Worldwide Suzuki Events
Suzuki Institutes around the world run workshops, camps and concerts in their areas. Sometimes, membership to your local Suzuki Institute will enable you to attend events even outside your local area. Parents usually attend all events and lessons with their children, even teenagers.
Before attending Suzuki events please check in with me because I want to ensure that you are sufficiently prepared to get the most out of the experience. I will check that you have all pieces up to your current working piece memorised (or at least your most recent book), and that you are actively working on posture and tone as well as learning notes.
New Zealand Events
There is usually an event on somewhere in NZ during every school holidays, often in more than one location. Suzuki summer camps run in 3 locations around the country in January. I usually go to the one in Timaru. In terms of South Island events, there is usually a winter workshop in Christchurch in July and an Autumn Workshop in Dunedin in April. In order to attend any of these events you need to be having regular lessons and you need to join the New Zealand Suzuki Institute (NZSI).
Suzuki events are great fun! The Timaru summercamp is always a highlight of my children's summer holidays. If you are new to Suzuki events, here is how they work: The lessons at camps and workshops do not teach the notes of pieces, they are for reviewing and polishing pieces that you already know and all playing is done from memory. It is expected that students will be able to play all pieces from the beginning of book 1 up to their current piece by memory. Don't let this put you off, it is great motivation to do lots of playing in the next couple of months! Also please note that parents attend all classes with their child (even teens). However if you have more than one child and their classes clash it is fine to only be in one place at a time.
For more general information on upcoming events see the NZSI calendar here:
To attend Suzuki events in New Zealand you will need to join the New Zealand Suzuki Institute.
The following notes are from my experience of events in the South Island but they are probably quite similar to how events run in other places.
Concerts - usually held on a week-end afternoon.

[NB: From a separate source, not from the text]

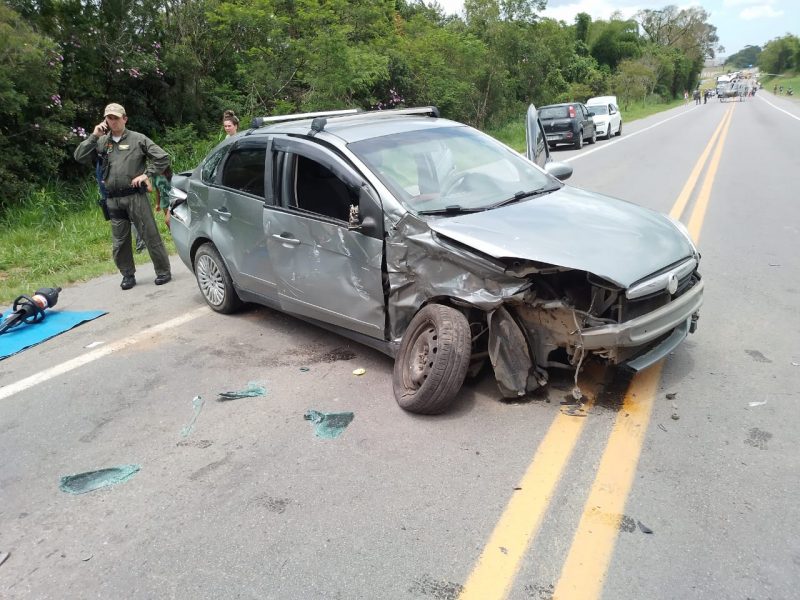 Motorista do ve&iacute;culo Siena teve ferimentos nas m&atilde;os – Foto: Corpo de Bombeiros Militar/Divulga&ccedil;&atilde;o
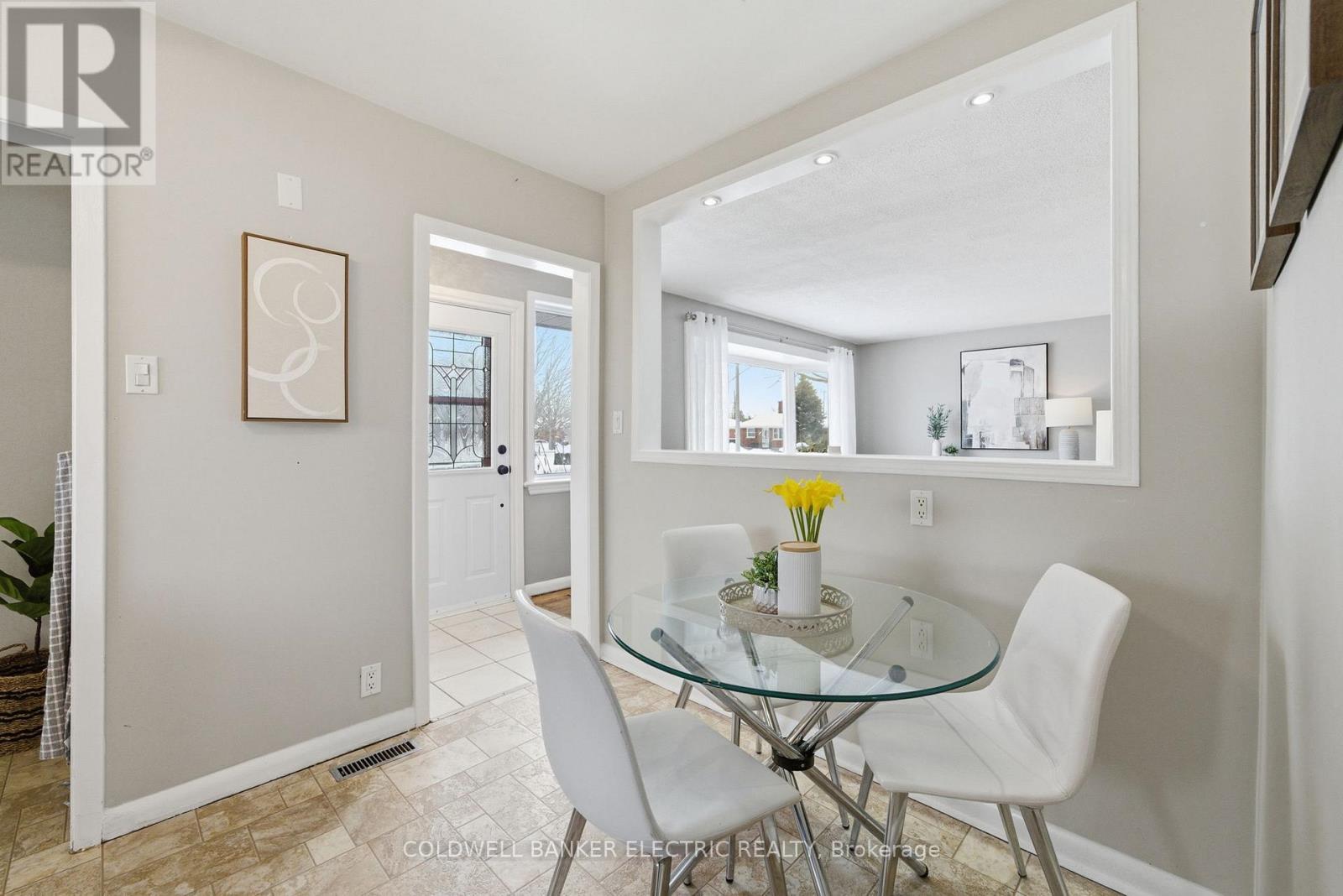 756 Barbara Crescent, Peterborough (Otonabee Ward 1), Ontario  K9J 3X7 - Photo 10 - X12789984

Often involve a small cost to cover room hire. Performers are expected to announce their name and the piece they are playing, then to bow to the audience. They always perform from memory and bow again after playing. Violin players then thank the accompanist, if there was one. Usually there is no dress code but sometimes performers are asked to wear concert dress (black-and-white). In most concerts it is considered quite acceptable for a parent to go up onto the stage to support a hesitant small child.
Workshops and camps - The difference between these is that accommodation is provided as part of a camp whereas no accommodation is provided for a workshop. Both events usually run for a few days in a row. They usually start with an informal "play-in" where all the children play some pieces together in casual dress. They usually finish with a "play-out" concert, which is more formal with children wearing black-and-white. Most lessons start and end with the child and teacher bowing to each other.
In South Island events children usually attend three 1-hour classes each day. The three classes are:
a masterclass where a group of children and parents sit in the room together. Each child takes a turn at having a short lesson with the teacher while the others watch and their parent takes notes.
a group class where a group of children play pieces together (from memory)
the third class might be "music enrichment" (music-related games) or playing in an orchestra or doing fiddling.
Most children attend all 3 classes each day but preschoolers who do not yet learn any instrument can often attend just music enrichment and slightly older children (aged about 3 to 5 yrs) who are only learning the twinkles can attend just two classes (music enrichment and a group class).
Some workshops/camps involve each child playing an individual concert (see the notes on concerts above).